私たちが自由を守り抜くためには自由諸国民が団結しなくてはなりません。改めてヤスパースの語った言葉を思い出します。カール・ヤスパースの『根源的に問う 哲学対話集<ハンス・ザーナー編>』(武藤光朗・赤羽竜夫訳)に収録された、武藤光朗との対話「人間の自由の未来のために」を読み返しています。雑『自由』昭和三十七年一月号に掲載されたものです。
ヤスパースは、ロシアと中国に対抗して、自由緒国民の結束を訴えたのです。東アジアが危機的な状況を迎えているからこそ、なおさら説得力のある言葉ではないかと思います。唯一そこに日本が含まれてゐるのが、重要な役割を担っているからなのです。

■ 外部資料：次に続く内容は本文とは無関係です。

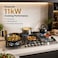 EO 90cm Built-In Gas Hob, 5 Burners, Stainless Steel, Cast Iron Pan Supports, 3.5kW Wok Burner, Metal Knobs, Auto Ignition, Flame Failure Safety Device, 11kW
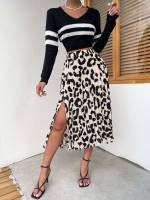  Midi Leopard Women Skirts 5812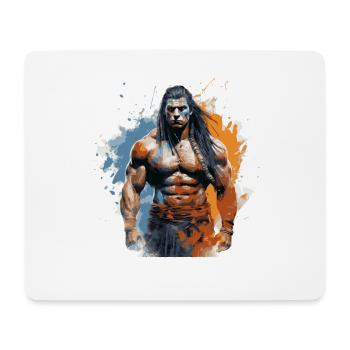 Chef de chasse indien - Tapis de souris (format paysage) - blanc - Devant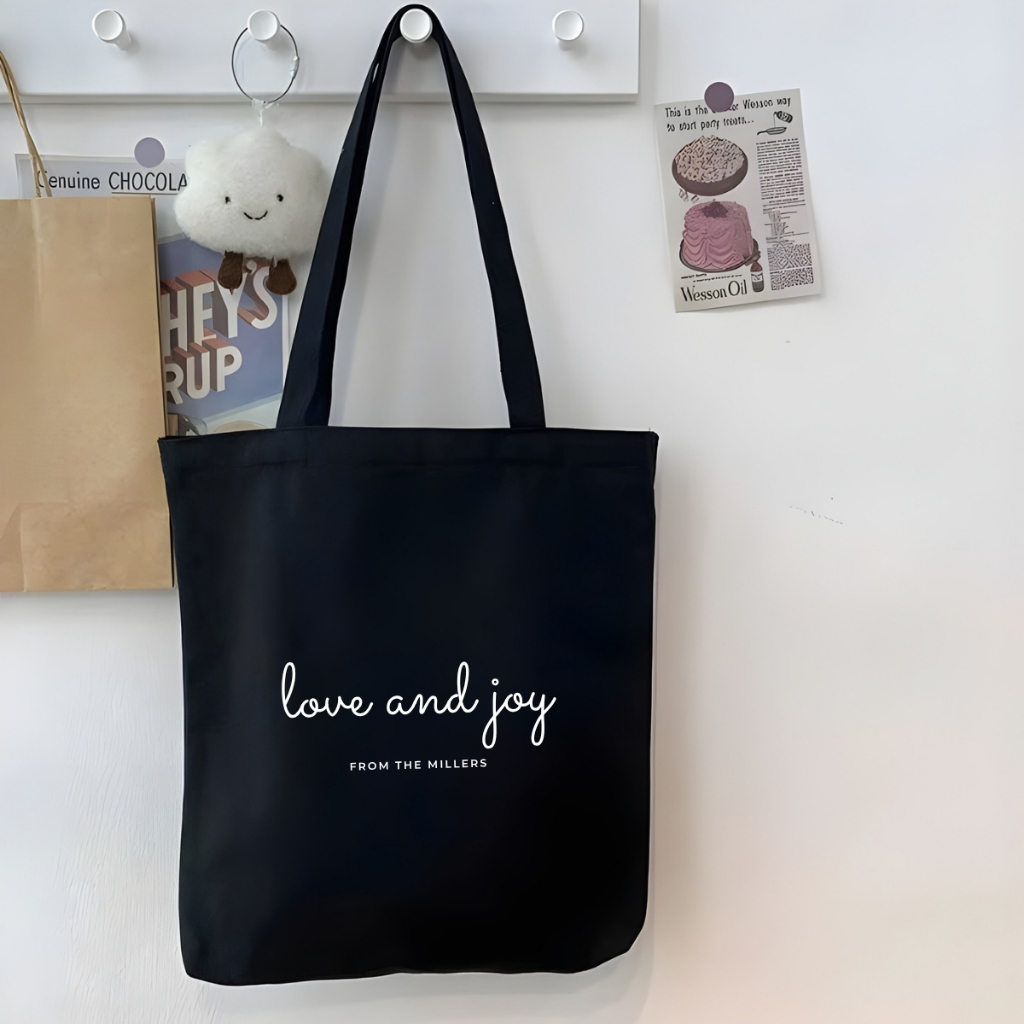 Túi tote vải canvas đeo vai, có khóa kéo và ngăn phụ hình thời trang WE TEE - WTU06_thumbnail_2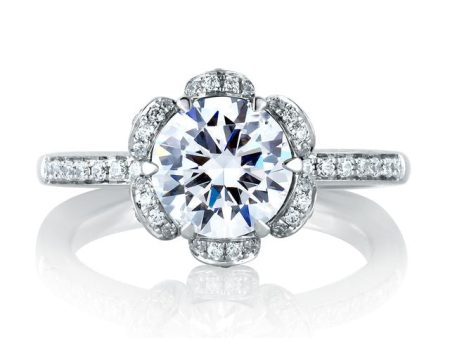 A.Jaffe Engagement Rings Nature Inspired Tulip Diamond Engagement Ring MES560 130 Hot on Sale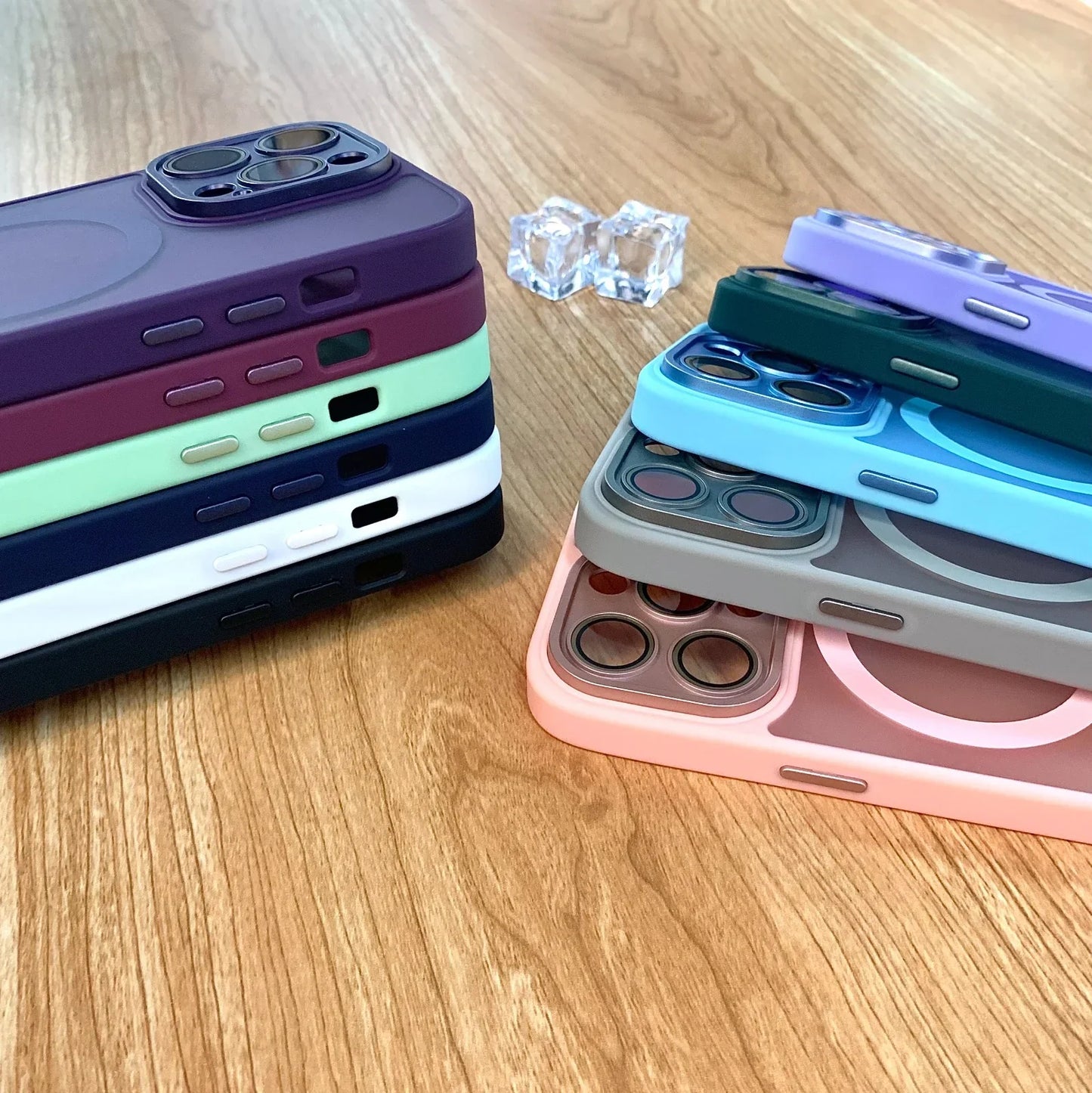 Magnetic Matte Translucent Magsafe Case for iPhone Series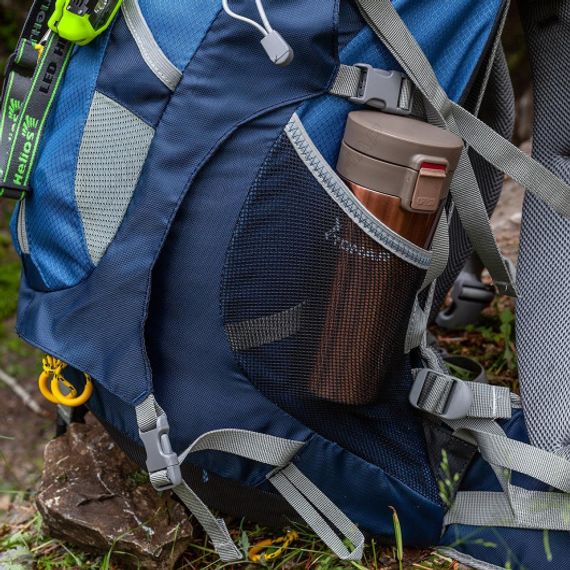 Термос-кружка (HS.TMК-02) 400ML кофейный TONAR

「自由諸国民の共同体とは、北米、ヨーロッパ諸国及び、日本であって、今のところそれ以外にはありません。私はインドを自由諸国民に数えるわけにはいきません。インドはきわめて動揺する姿を見せていますし、国内が安定していません。ですから、内にしっかりした力をそなえている真に自由な国民は、繰り返して申しますが、北米とヨーロッパ諸国と日本だけです。これらの国は、おたがいにたよりにできることがわかるように団結しなければならない。こうした連帯性は、もっとも強力な国を進んで指導的な国と認め、自由にかかわるような紛争の場合には、自国の国家的要求をひっこめ、また、かりに別のことをのぞんでいても、それらをあきらめて、その指導的な国に従う覚悟をもってはじめて、事実上可能となるのです」
ヤスパースの方針は間違ってはいませんでした。恐怖政治が中露全体に吹き荒れ、台湾までもその影響下には入ろうとしているからです。自由緒国民の陣営に与することでしか、自由であり続けることはできないし、抑圧された人たちの解放にも結びつかないのですから。NATOに日本が参加することも、今後検討されるべきではないかと思います。